Why are you doing this?
I like big challenges, and I read about this guy named Rickey Gates in San Francisco. He spent about 40 days living in a van and would commute back home for showers. It just looked really cool. When I started to get into the social media aspect of running, I started following him and realized it had become a thing [on social media via the tag] #everysinglestreet. People are doing it around the world.
Once I saw him do that, I knew I had about 10 months of training for this big race I’m doing in the summer, and it just spoke to me [to use this project as training].
It’s also a math problem, because you have to figure out how to do it most efficiently. I wanted to take on that challenge of seeing how many miles it would take.
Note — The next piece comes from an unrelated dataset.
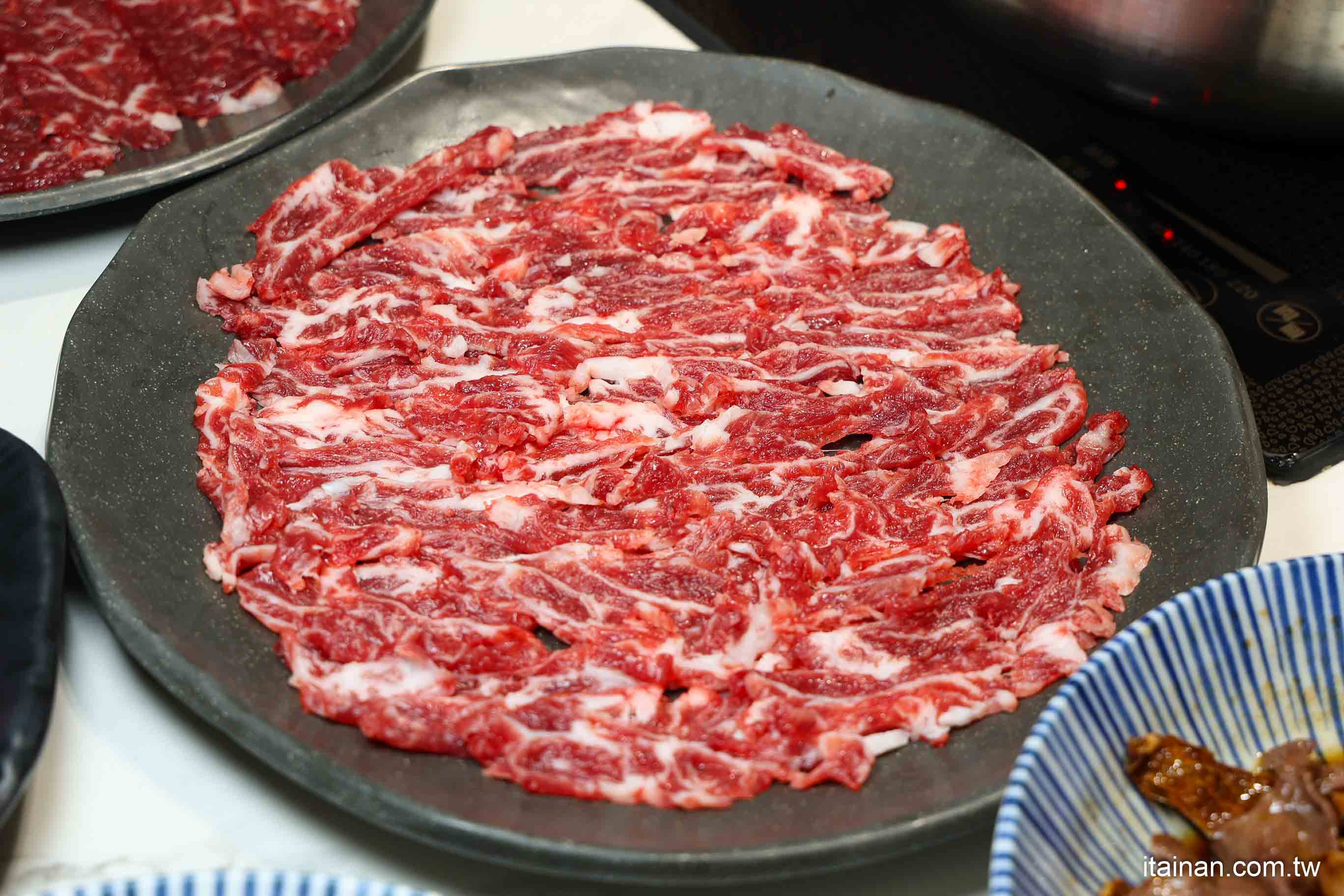 【台南牛肉火鍋】2025米其林推薦 ~台南溫體牛傳奇老店「阿裕牛肉涮涮鍋崑崙店」肉鮮湯好的神級美味｜肉燥飯免費吃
When I plop down in some neighborhood, I sort of look at the map and think, “What would be the most efficient way to run this neighborhood without overlapping so much?”
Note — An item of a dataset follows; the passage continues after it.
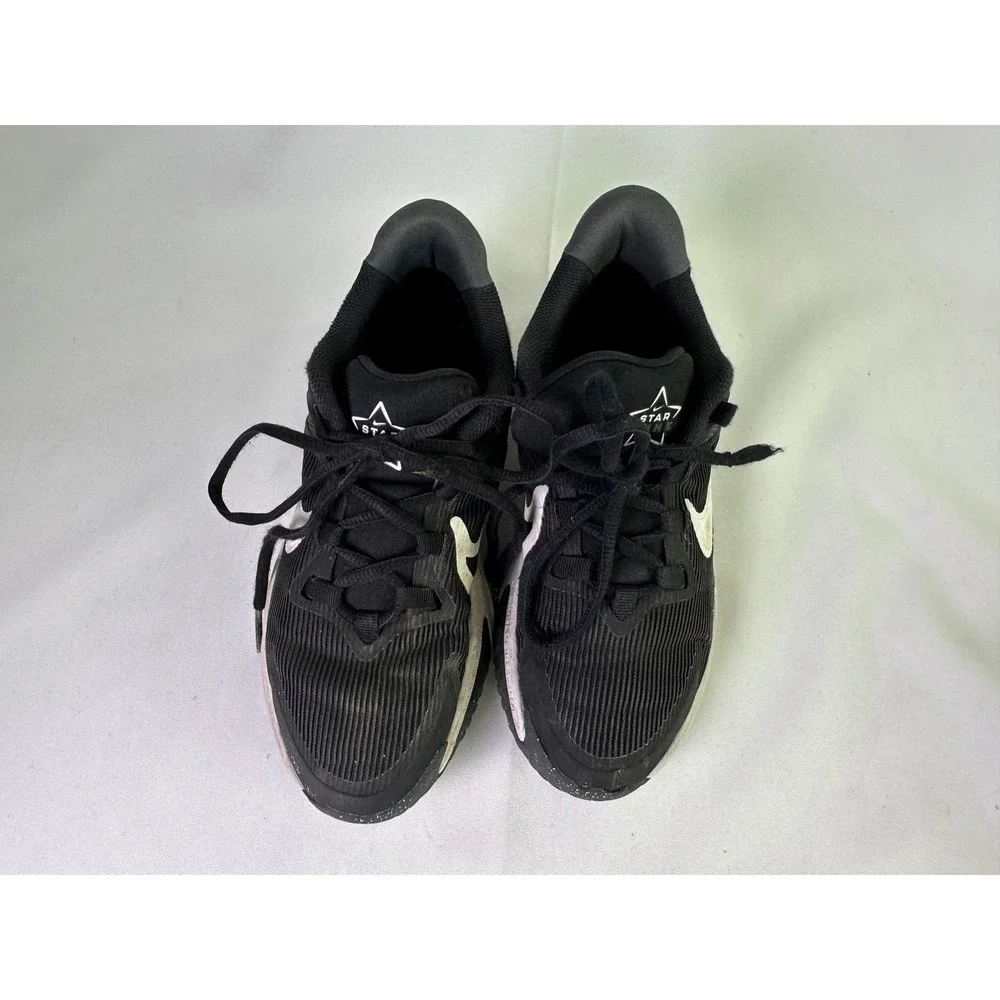 Nike star runner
How do you keep track of what streets you’ve run?
I run with a tiny little map that I print. I have a four-color pen, and if it gets too confusing, I’ll stop and mark up where I’ve been. Red is like, “Oh, you missed this,” green is “still got to do this.” Once I finish a run, it uploads to Strava, then it goes to this app called CityStrides. It’s an app pretty much everyone uses who’s doing this street project. It aggregates all your runs into one big map. Also, to make it more fun, I got a physical map from the DC Office of Planning. I mark that up with a different colored marker each time.
What do you eat on a six-hour run?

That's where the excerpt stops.